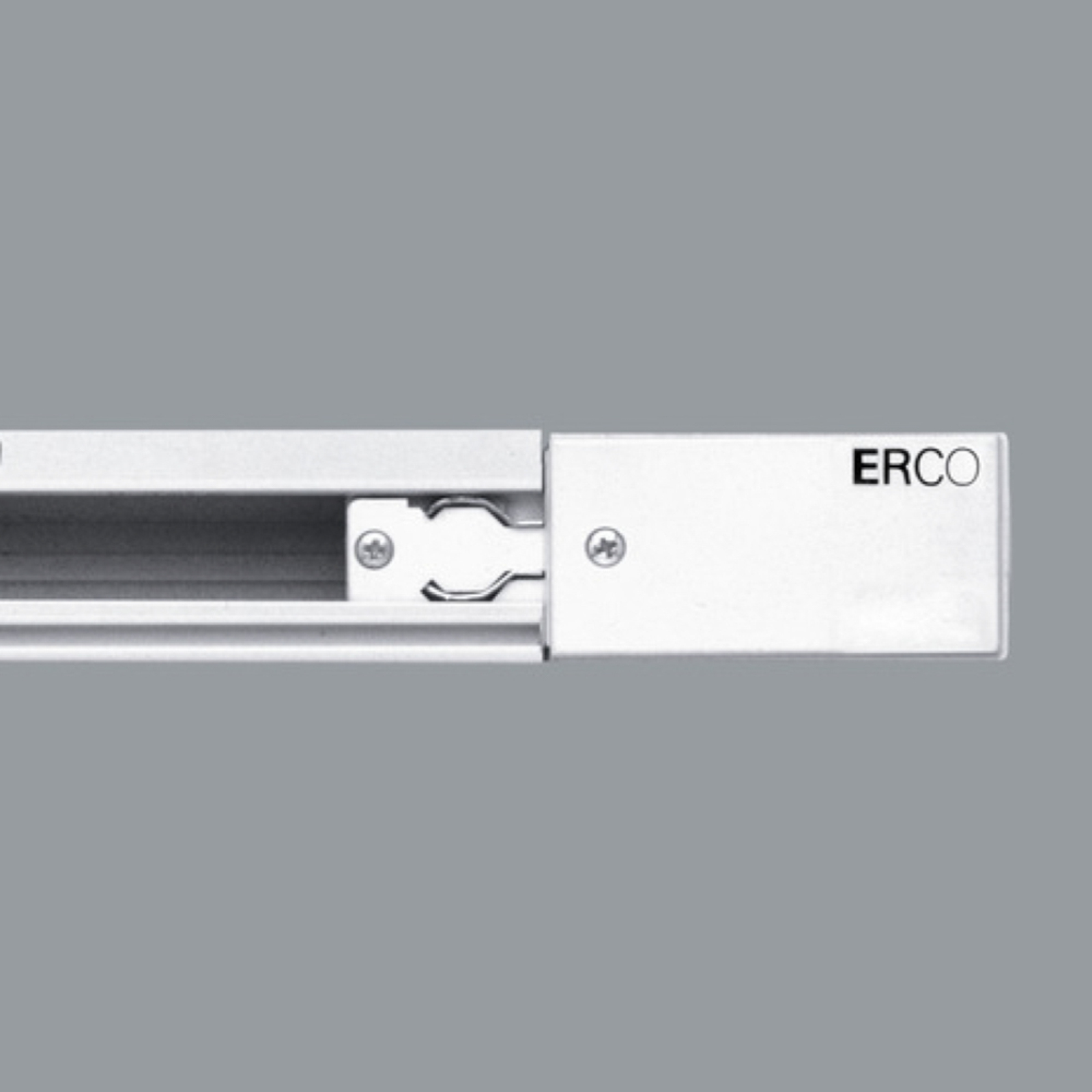 ERCO 3-fazowy zasilacz lewy, biały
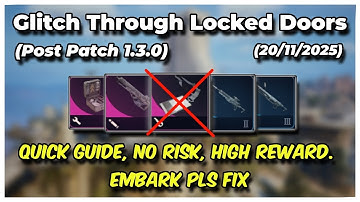 Solo Keycard Door Bypass Guide (PATCHED) | Arc Raiders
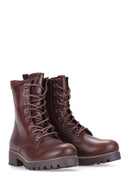 Lace-Up Women's Leather Boots | Derimod Lace-Up Women's Leather Boots | Derimod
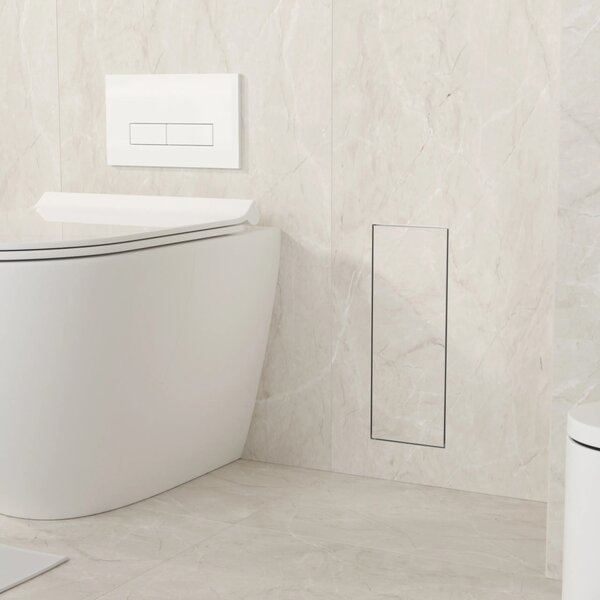 Balneo Wall Box Brush S skrytý modul na wc štětku ocel B0401060104-01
────────────────────
Would you repeat the listing above exactly, minus the images?

 ERCO 3-fazowy zasilacz lewy, biały
 Solo Keycard Door Bypass Guide (PATCHED) | Arc Raiders
 Lace-Up Women's Leather Boots | Derimod Lace-Up Women's Leather Boots | Derimod
 Balneo Wall Box Brush S skrytý modul na wc štětku ocel B0401060104-01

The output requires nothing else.